Prompt: Reproduce all of the data exactly. Images are not to appear in the reply.

++++++

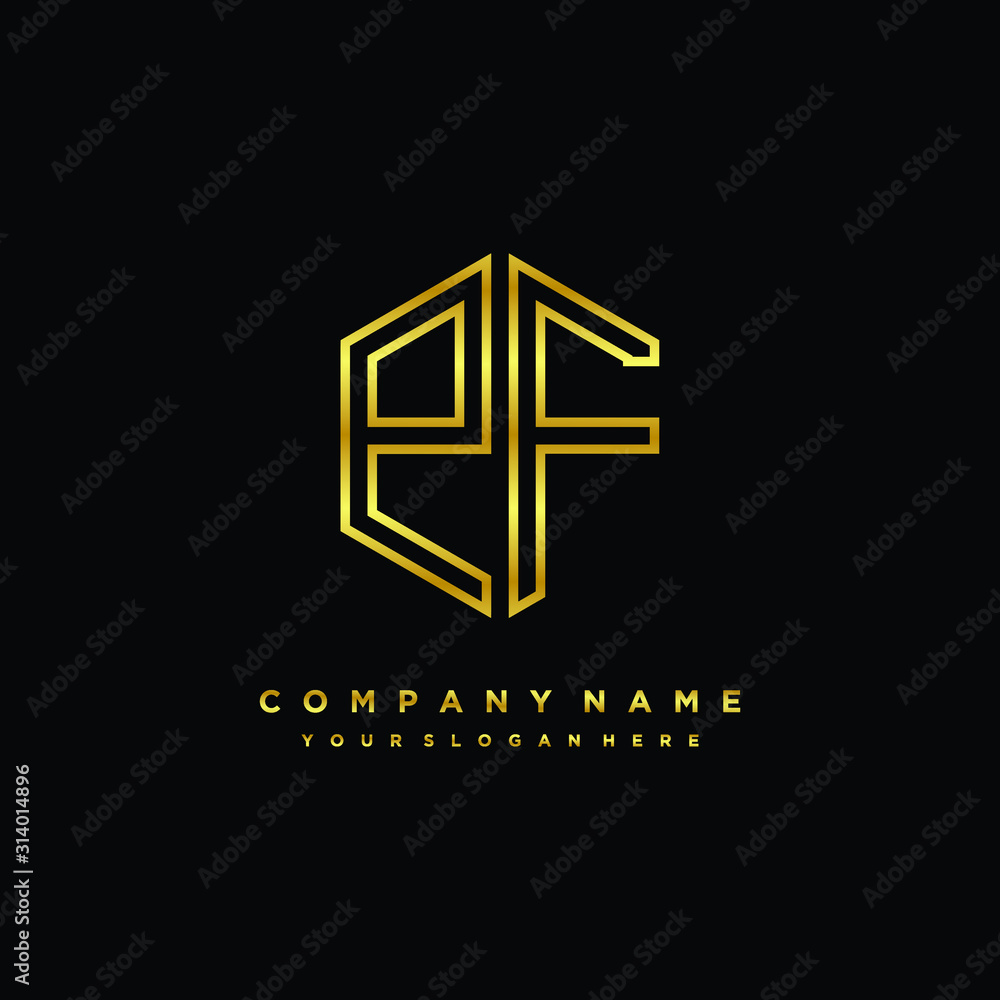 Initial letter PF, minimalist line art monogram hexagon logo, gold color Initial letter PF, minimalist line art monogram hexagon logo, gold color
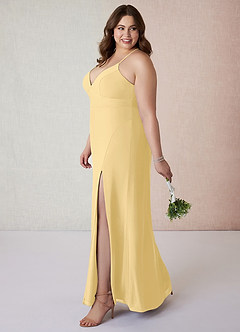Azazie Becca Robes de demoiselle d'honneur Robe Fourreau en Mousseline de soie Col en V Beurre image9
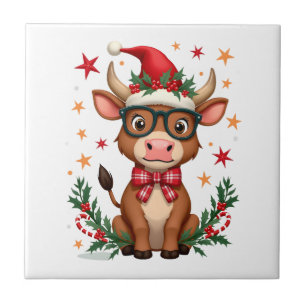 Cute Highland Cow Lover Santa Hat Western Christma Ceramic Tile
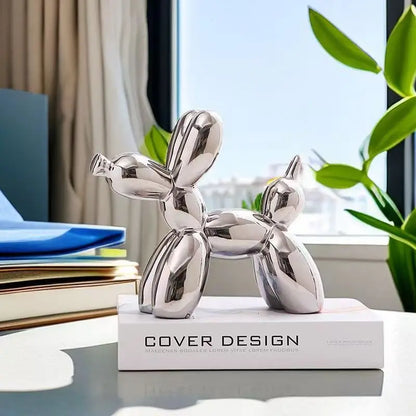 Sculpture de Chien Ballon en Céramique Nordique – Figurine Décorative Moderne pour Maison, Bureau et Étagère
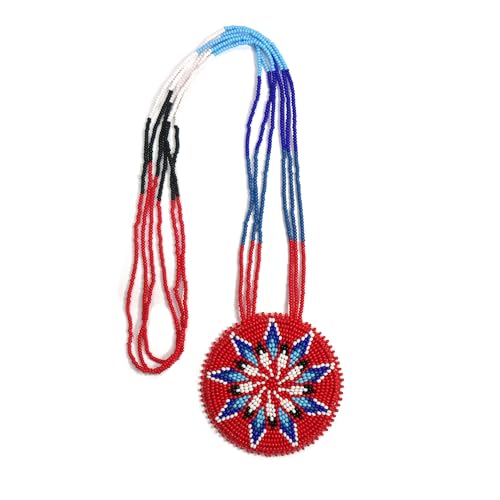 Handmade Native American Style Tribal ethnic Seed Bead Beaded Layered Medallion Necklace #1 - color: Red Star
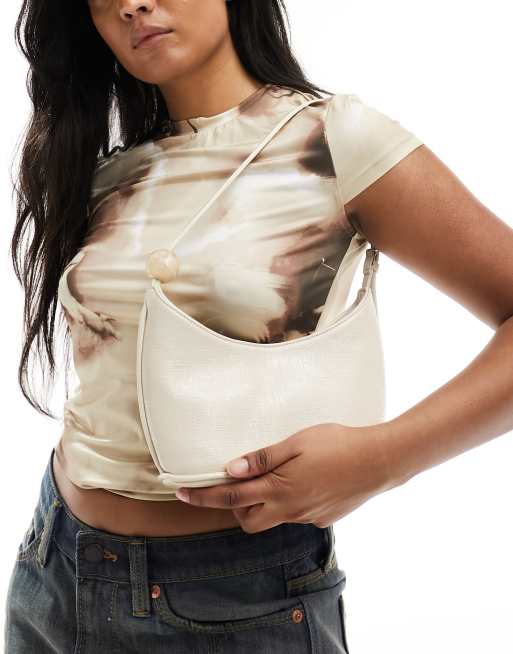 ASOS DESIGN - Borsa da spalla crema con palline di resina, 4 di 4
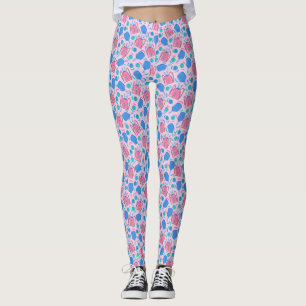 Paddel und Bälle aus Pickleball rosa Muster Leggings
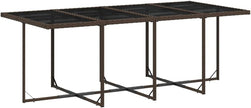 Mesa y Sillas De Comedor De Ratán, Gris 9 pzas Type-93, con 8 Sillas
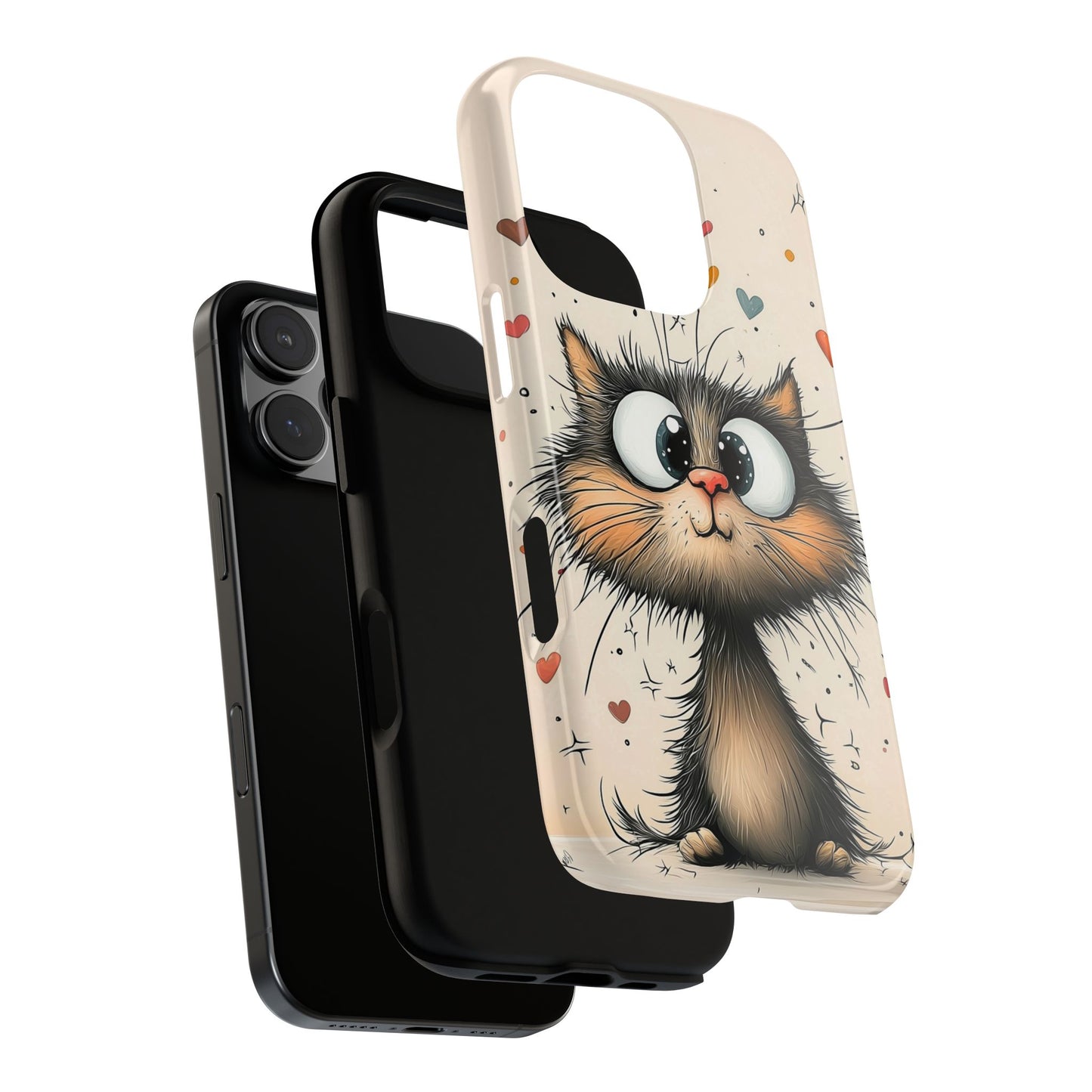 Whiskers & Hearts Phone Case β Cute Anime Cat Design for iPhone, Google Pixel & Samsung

++++++

Task answer:
 Initial letter PF, minimalist line art monogram hexagon logo, gold color Initial letter PF, minimalist line art monogram hexagon logo, gold color
Azazie Becca Robes de demoiselle d'honneur Robe Fourreau en Mousseline de soie Col en V Beurre image9
 Cute Highland Cow Lover Santa Hat Western Christma Ceramic Tile
 Sculpture de Chien Ballon en Céramique Nordique – Figurine Décorative Moderne pour Maison, Bureau et Étagère
 Handmade Native American Style Tribal ethnic Seed Bead Beaded Layered Medallion Necklace #1 - color: Red Star
 ASOS DESIGN - Borsa da spalla crema con palline di resina, 4 di 4
 Paddel und Bälle aus Pickleball rosa Muster Leggings
 Mesa y Sillas De Comedor De Ratán, Gris 9 pzas Type-93, con 8 Sillas
 Whiskers & Hearts Phone Case β Cute Anime Cat Design for iPhone, Google Pixel & Samsung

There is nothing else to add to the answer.